** What is expected **
Retype each line of the material below word for word; pictures stay out.

──────── Data segment

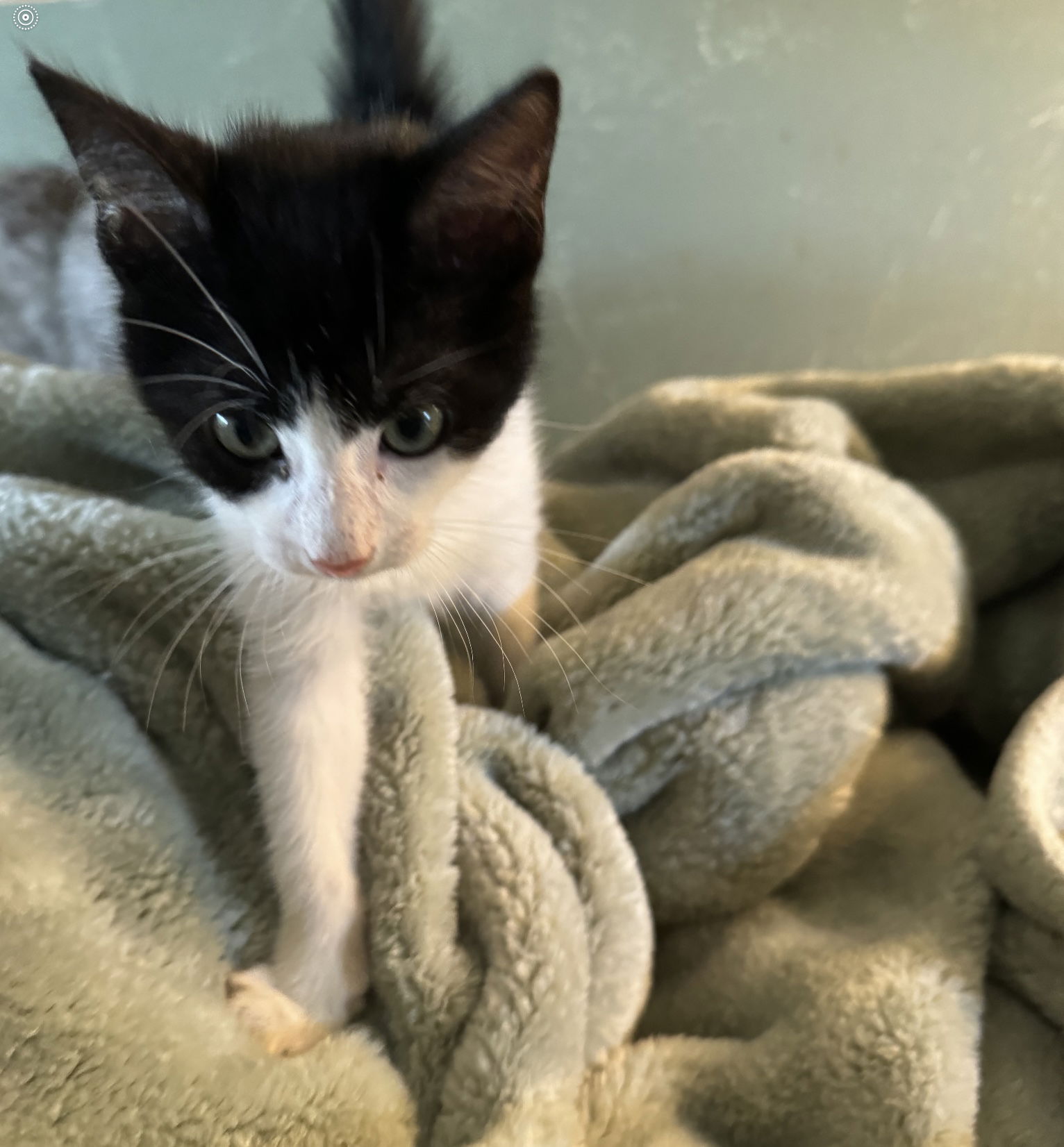 adoptable Cat in Naples, FL named Stone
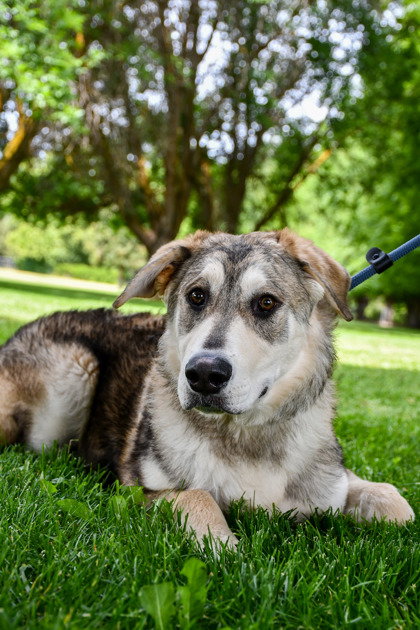 dog-image
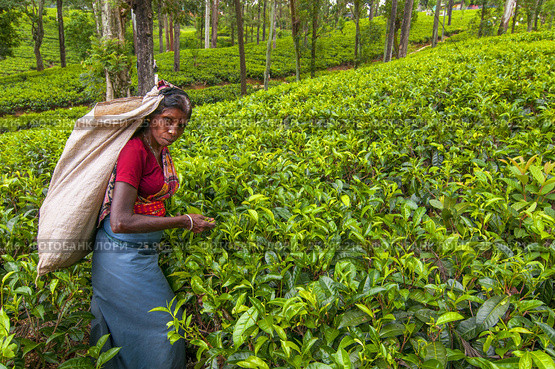 A Tamil woman from Sri Lanka breaks tea leaves on tea plantation with the traditional tea plucking method at haputale, Sri Lanka. Редакционное фото, агентство BE&W Photo / Фотобанк Лори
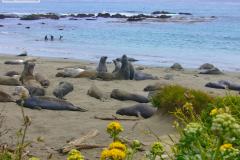 Big Sur, Highway California 1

────────────────

** Written response **
 adoptable Cat in Naples, FL named Stone
 dog-image
 A Tamil woman from Sri Lanka breaks tea leaves on tea plantation with the traditional tea plucking method at haputale, Sri Lanka. Редакционное фото, агентство BE&W Photo / Фотобанк Лори
 Big Sur, Highway California 1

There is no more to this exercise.